Mark Davis, 2005-01-24
The following were missed when adjustments were made for Thai/Lao. So delete the following sections:
3.1.3 Rearrangement
Certain characters are not coded in logical order, such as the Thai vowels เ through ไ and the Lao vowels ເ through ໄ (this list is indicated by the Logical_Order_Exception property). For collation, they are rearranged by swapping with the following character before further processing, since logically they belong afterwards. For example, here is a string processed by rearrangement:
input string:0E01 0E40 0E02 0E03normalized string:0E01 0E02 0E40 0E03
in 8 Searching and Matching (Informative)
The interactions of other conditions with the matching types (minimal, maximal, medial) needs to be clarified. Consider the following.
Value | Notes | |
---|---|---|
Pattern: | abc | |
Strength: | primary | thus ignoring combining marks, punctuation |
Text: | abc¸-°d | two combining marks, cedilla and ring |
Matches: | |abc|¸|-|°|d | four possible endpoints, indicated by | |
When an additional condition is set on the match, the types (minimal, maximal, medial) are based on the matches that meet that condition. Thus if the condition is Whole Grapheme, then the matches are restricted to "abc¸|-°|d", thus discarding match positions that would not be on a grapheme cluster boundary. Thus the minimal match would be "abc¸|-°d"
The changes to the text would include explaining the above situation in the introductory text in that section, and changing DS5 and moving it. Suggestion the following:
Delete current DS5.
Add
DS1a. A boundary condition is a test imposed on an offset within a string. Examples include Whole Grapheme Cluster Search and Whole Word Search, as defined in UAX #29. See [Breaks]).
By using grapheme-complete conditions, contractions and combining sequences are not interrupted. This also avoids the need to present visually discontiguous selections to the user (except for BIDI text).
Revise the following:
Suppose there is a collation C, a pattern string P and a target string Q. C has some particular set of attributes, such as a strength setting, and choice of variable weighting.
DS2. There is a match according to C for P within Q[s,e] if and only if C generates the same sort key for P as for Q[s,e].
to
Suppose there is a collation C, a pattern string P and a target string Q, and a boundary condition B. C has some particular set of attributes, such as a strength setting, and choice of variable weighting.
DS2. There is a match according to C for P within Q[s,e] if and only if C generates the same sort key for P as for Q[s,e], and the offsets s and e meet the condition B.
DS2b A match is grapheme-complete if B requires that the offset be at a grapheme cluster boundary. Note that Whole Word Search as defined in UAX #29 is grapheme complete.

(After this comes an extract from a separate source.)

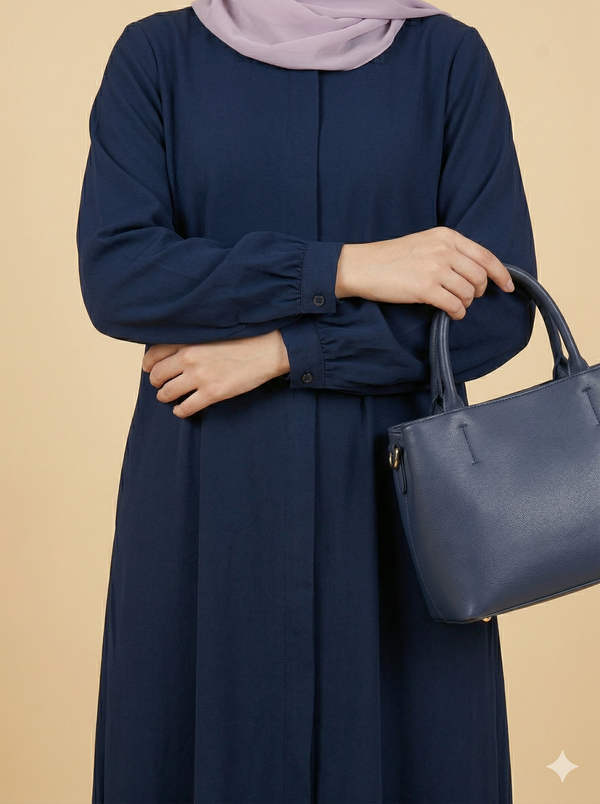 Navy Blue Plain Open Abaya Close View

See [Breaks]).
I think we should also add some more explanatory text about combining marks. Those can be a bit tricky!
We don't give a way for people to specifically claim conformance to matching and searching according to Section 8. Suggest (a) removing "(informative)" from the title, and (b) adding:
C5 An implementation claiming conformance to Matching and Searching according to UAX #10, shall meet the requirements described in Section 8.